In the web app space, the tools of note (for me) were curl, firebug, and firebug lite. I hope to find some time to learn these better. Matthew made the point that many developers find System.out.println to be the end all and be all of debugging. I definitely don't want to be in that camp!

Refactoring - Neal Ford has been a mainstay on the No Fluff tour since I have been attending (4 years now!). He often focuses more on the bigger picture of software development as opposed to specific technologies. This talk fits this description really well. Some of this was review from what I had learned reading the seminal refactoring book by Fowler, but there were a couple of good take aways from the talk.

Prior to refactoring, all that you typically have is piles of undifferentiated code. Following the techniques Neal presented, including the composed method and template patterns, will result in code that is more extensive and maintainable.

One soundbite I took from the talk was "It is OK for the framework to know about your code, but your code should not know about the framework".

Collections - This session was presented by Ted Neward, master of everything low level on the JVM (other stuff as well). I have been using java.util.* collections quite a bit lately. I have been frustrated by the lack of some seemingly obvious features, such as creating a list from an array. I went to this class to see if I was missing something. To some extent, I was. The Collections and Arrays classes have some of the features I was looking for, albeit with some warts that still make them less useful than they could be. And some features are still missing (I cannot directly create a List from a List). One take away from the class is I need to go look at Commons Collections.

Ted joked that every time a Java programmer uses an iterator, a kitten dies. Proper use of collections leads to a more functional programming style. I'm not really a cat person, but don't advocate cruelty either, so I really want to move that direction!

FWIW, closures and Groovy are another means to this end as well. So I'm already on the way.

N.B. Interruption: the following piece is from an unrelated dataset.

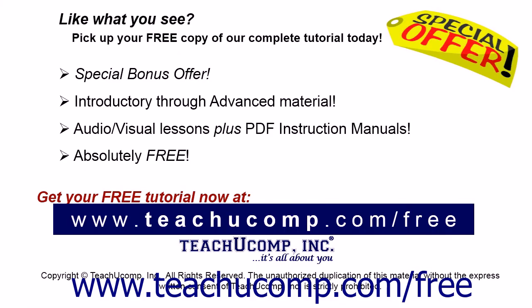Like what you see? Pick up your free copy of the complete tutorial at www.teachucomp.com/free.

JMS - Another Ted talk (pun intended). I had some very brief exposure to the JMS messaging bus a couple of years ago, but never got into the details. I try at every No Fluff to get some exposure to a technology or two that I may not necessarily need, but want to have a passing understanding of. So my take away from this session, JMS is a standards-based message passing protocol that handles both point-to-point and pub/sub messaging models. One of the benefits (provider dependent) can be guaranteed delivery. The API has some quirks, but seems pretty straightforward. There are many JMS providers out there. Ted stressed not coding to a specific provider jar, but rather compiling with the jar shipped with the JDK, then deploying with the provider jar to ensure you are adhering to the standard. The biggest disappointment was finding out that JMS messages from one vendor are not typically cross-compatible with other vendors.

So that's a wrap for this year. My head is full, there aren't enough hours in a day, but even with these constraints, I always feel like I have improved as a developer just by attending the show. And after I spend some playing with some code... look out!

I'll close with a teaser. Jay is going to have some really cool news for release in the next couple of week. I'll tweet/blog when he does. I don't want to steal his fire, so until then, I will leave you in suspense!